▶ Task description: What is needed is the exact text of each line in the listing below from the one with "Insérer formule mathématiques" up to and including the one with "Poster del nome Doug Green", and no pictures.

▶ Dataset:
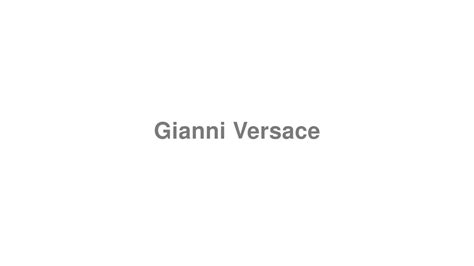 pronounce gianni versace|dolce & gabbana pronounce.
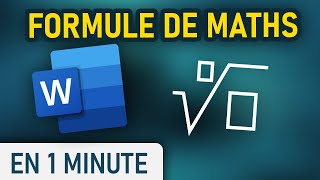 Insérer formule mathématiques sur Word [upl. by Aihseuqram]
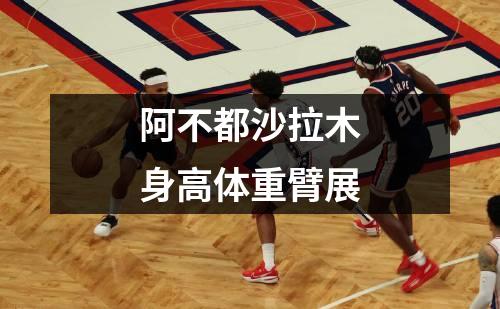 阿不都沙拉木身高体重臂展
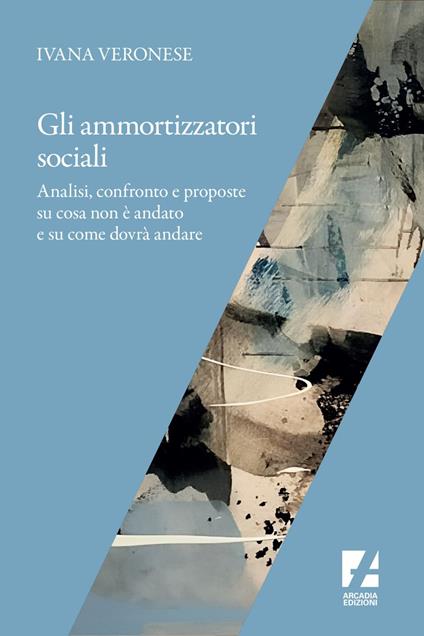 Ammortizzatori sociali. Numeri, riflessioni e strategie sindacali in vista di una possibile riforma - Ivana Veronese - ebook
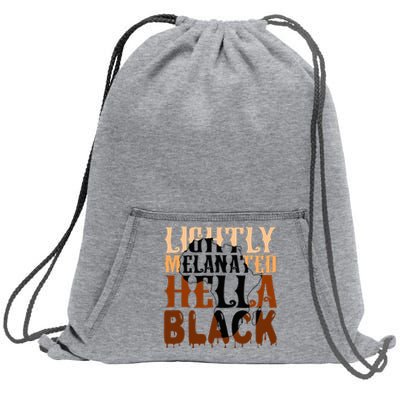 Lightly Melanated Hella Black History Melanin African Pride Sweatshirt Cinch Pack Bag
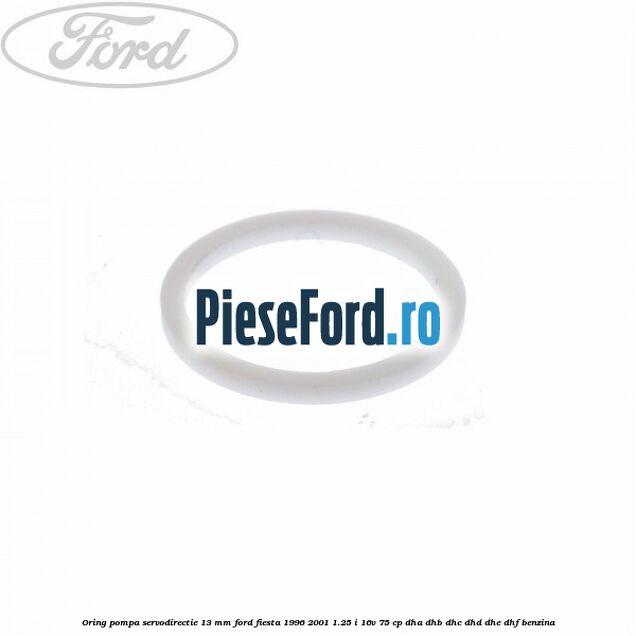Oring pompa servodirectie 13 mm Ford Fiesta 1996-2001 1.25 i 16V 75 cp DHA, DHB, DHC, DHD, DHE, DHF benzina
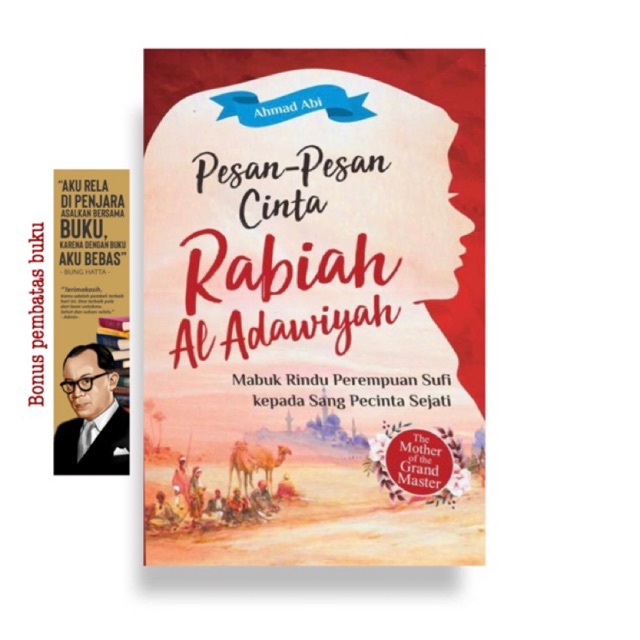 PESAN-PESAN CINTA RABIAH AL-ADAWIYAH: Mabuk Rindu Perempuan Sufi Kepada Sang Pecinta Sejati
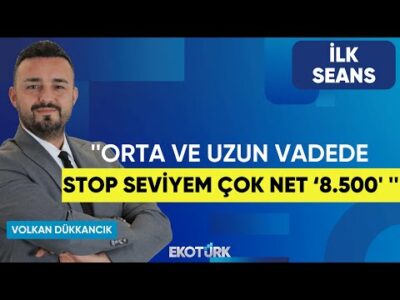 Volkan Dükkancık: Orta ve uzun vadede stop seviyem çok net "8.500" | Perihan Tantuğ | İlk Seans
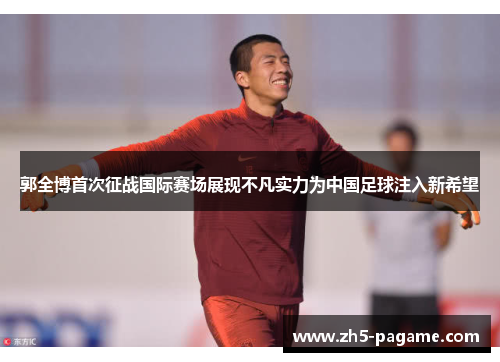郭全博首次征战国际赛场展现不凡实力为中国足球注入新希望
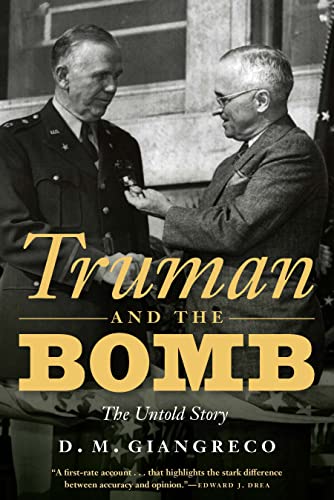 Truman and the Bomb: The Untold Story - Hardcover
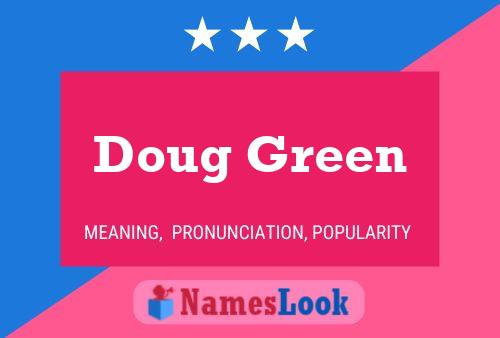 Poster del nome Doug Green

* * *

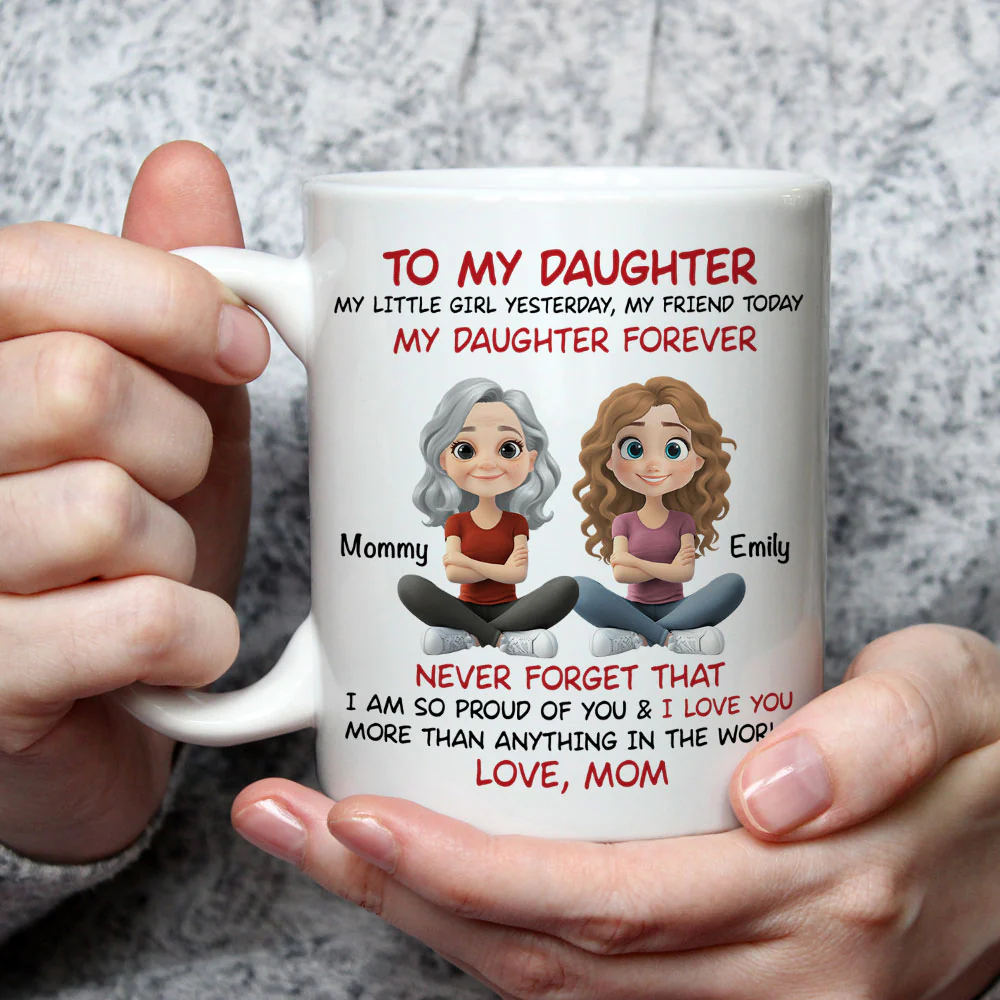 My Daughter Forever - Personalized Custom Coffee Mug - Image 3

▶ Answer section:
 Insérer formule mathématiques sur Word [upl. by Aihseuqram]
 阿不都沙拉木身高体重臂展
 Ammortizzatori sociali. Numeri, riflessioni e strategie sindacali in vista di una possibile riforma - Ivana Veronese - ebook
 Lightly Melanated Hella Black History Melanin African Pride Sweatshirt Cinch Pack Bag
Oring pompa servodirectie 13 mm Ford Fiesta 1996-2001 1.25 i 16V 75 cp DHA, DHB, DHC, DHD, DHE, DHF benzina
 PESAN-PESAN CINTA RABIAH AL-ADAWIYAH: Mabuk Rindu Perempuan Sufi Kepada Sang Pecinta Sejati
 Volkan Dükkancık: Orta ve uzun vadede stop seviyem çok net "8.500" | Perihan Tantuğ | İlk Seans
郭全博首次征战国际赛场展现不凡实力为中国足球注入新希望
 Truman and the Bomb: The Untold Story - Hardcover
 Poster del nome Doug Green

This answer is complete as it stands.